Ateşkes sırasında Agamemnon, Aşil'in savaşa katılmasını istemek için Ulusses [Odysseus], Nestor ile Diomedes'i gönderir. Ancak Aşil'in ruh hali hala bozuktur ve savaştan uzak durma kararında ısrarlıdır. Ekuba ile arasında geçen konuşmayı anlatır, Polyksena'ya aşıktır, bu yüzden aklı başında değildir, savaşta zayıflık gösterebilir. Agamemnon'un gönderdiği kişiler de hoş gelmemiştir. Kalıcı bir barışa ihtiyaçları vardır. Bir kadın uğruna nice Argoslular hayatlarını tehlikeye atıyor, özgürlüklerinden vazgeçiyorlardır, boşa zaman harcıyorlardır. Aşil barış talep ederek savaşa yeniden girmeyi red eder. Aşil'in söyledikleri Agamemnon'a iletilir, konseyi toplar ve ne yapması gerektiğini sorar. Menelaus Aşil'in geri durmasından endişe duymamaları gerektiğini, bizzat kendisinin gidip konuşacağını, red cevabı alsa dahi keyfinin bozulmayacağını söyler. Ayrıca, Truvalılar’ın Ektor kadar deneyimli, güçlü ve de cesur olabilecek hiç kimseyi komutan olarak yerine koyamayacaklarını ekler. Diomedes ile Ulusses ise Troil'un Ektor kadar cesur ve eşit olduğunu belirtir. Menelaus bunu red eder ve konseyin savaşın devam etmesi yönünde karar almasını ister. Kalkhas sözü ele alarak, Truvalılar’ın bu son başarılarından korkmamak gerektiğini ve savaşmak zorunda olduklarını dile getirir.

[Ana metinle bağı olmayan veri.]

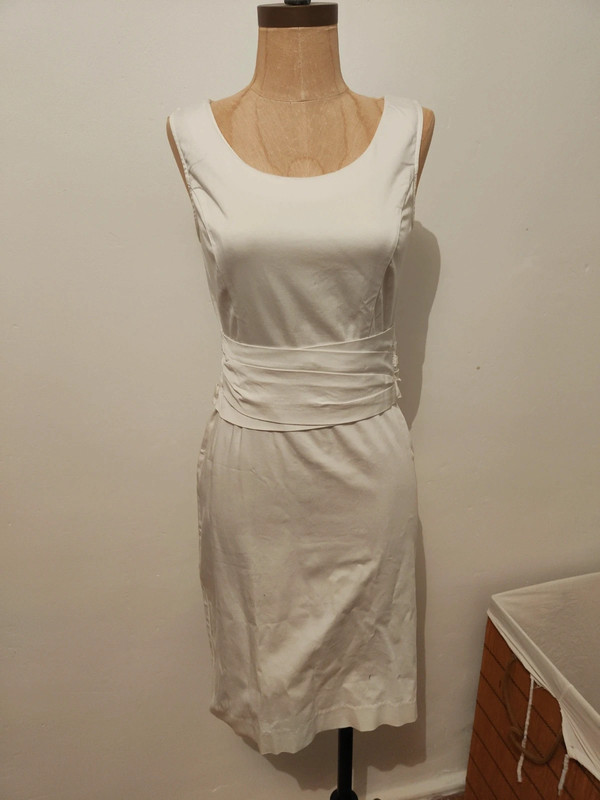 Robe d'été blanche 1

Savaş zamanı geldiğinde Agamemnon, Menelaus ve Ayaks orduyu meydana çıkarır. Truvalılar da karşılarında saf tutar. Savaş şiddetli bir şekilde başlar ve her iki tarafta çok kayıp verir. Troil Menelaus'u yaralamış, birçok düşman öldürmüş ve ısrarla saldırmayı sürdürmüştür. Karanlık çöktüğünde savaşa son verirler. Ertesi gün savaş devam eder, Truvalıları Troil ile Aleksander komuta etmektedir. Troil, Diomedes'i yaraladıktan sonra katleder. Sonra Agamemnon'a saldırır ve yaralar. Savaş birkaç gün sürer, her iki taraftan da sayısızca asker ölür. Agamemnon güçlerini her geçen gün daha fazla kaybettiğini görür, dayanamıyacaklarını anlar ve altı ay ateşkes ister. Priam konseyi toplar ve isteklerini iletir, ama Troil karşı çıkmaktadır, çok uzun bir süredir bu, savaş devam etmeli ve gemiler ateşe verilmelidir. Priam konsey üyelerine düşüncelerini söylemelerini emreder, oybirliği ile Akhaların lehine ateşkes kararı çıkar. Agamemnon ölülerini gömer, Diomedes ve Menelaus gibi yaralılara yardım eder. Truvalılar da ölülerini gömmektedir. Ateşkes sırasında Agamemnon konseyin tavsiyesi üzerine Aşil'e gider ve savaşa dönmesini ister. Ancak Aşil hala karamsardır, red eder. Bir kralın barış arayışında olması gerektiğini belirtir. Şikayetleri bitince, yine de Agamemnon'u reddetmenin imkansız olduğunu ve zamanı geldiğinde kuvvetlerini göndereceğini, ama kendisinin geride kalacağını söyler. Agamemnon bunun için teşekkür eder.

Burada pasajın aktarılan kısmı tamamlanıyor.